Martin Mansergh, an adviser on Northern Ireland to three Fianna Fáil taoisigh who went on to serve as a senator, TD and minister of state, has died.

Mr Mansergh is understood to have passed away while in Western Sahara with a group other former Irish parliamentarians. He was 78.

Having served in the Department of Foreign Affairs, Mr Mansergh left the civil service to join Charles Haughey as an adviser on Northern Ireland and Anglo-Irish matters when Mr Haughey was taoiseach.

He remained with Mr Haughey during his years of opposition, serving as Fianna Fáil’s director of research and policy, during which time he edited a book of Mr Haughey’s speeches, entitled Spirit of the Nation.

He returned to government with Mr Haughey in 1987, and went to serve in a similar capacity for Albert Reynolds and later Bertie Ahern. He was a key figure in the peace process which eventually led to the IRA ceasefires and the Belfast Agreement.

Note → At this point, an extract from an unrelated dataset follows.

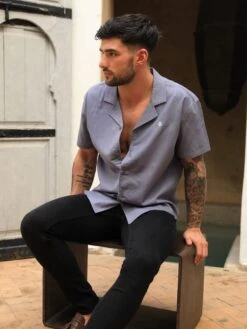 Nador Open Collared Shirt - Blue 10 Nador Open Collared Shirt - Blue -Blakely Clothing Store 2331BLUED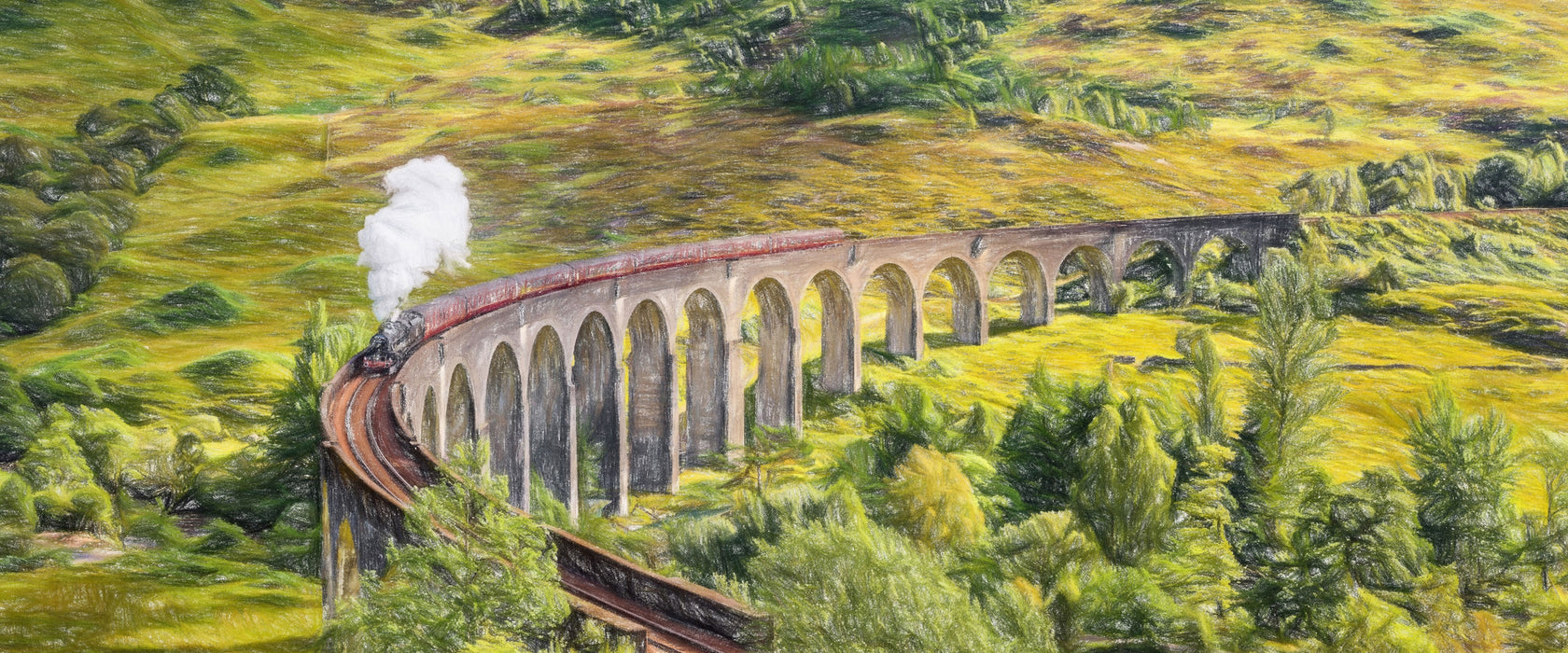 Eisenbahnviadukt in Schottland, Glasbild Panorama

In 2002, after more than two decades as a backroom adviser, he entered electoral politics for Fianna Fáil standing for the Dáil in his ancestral home of Tipperary South. He was unsuccessful but was later elected to the Seanad, and in 2007 took a Dáil seat for the party.

He was made a minister for state in 2008, and served in a number of departments until Fianna Fáil was ejected from office in 2011, when he lost his Dáil seat.

From a Protestant Anglo-Irish family with farmland outside Tipperary town, and educated in Oxford University – his father was the distinguished historian Nicholas Mansergh – Mansergh was a singular figure in Irish politics.

Parts dotty professor, razor sharp political strategist, rural TD and highbrow intellectual, he was popular and respected not just in his own party but across the political divide, and his contribution to achieving peace in Northern Ireland is recognised as pivotal by all sides.

He is survived by his wife Elizabeth, and by his five children.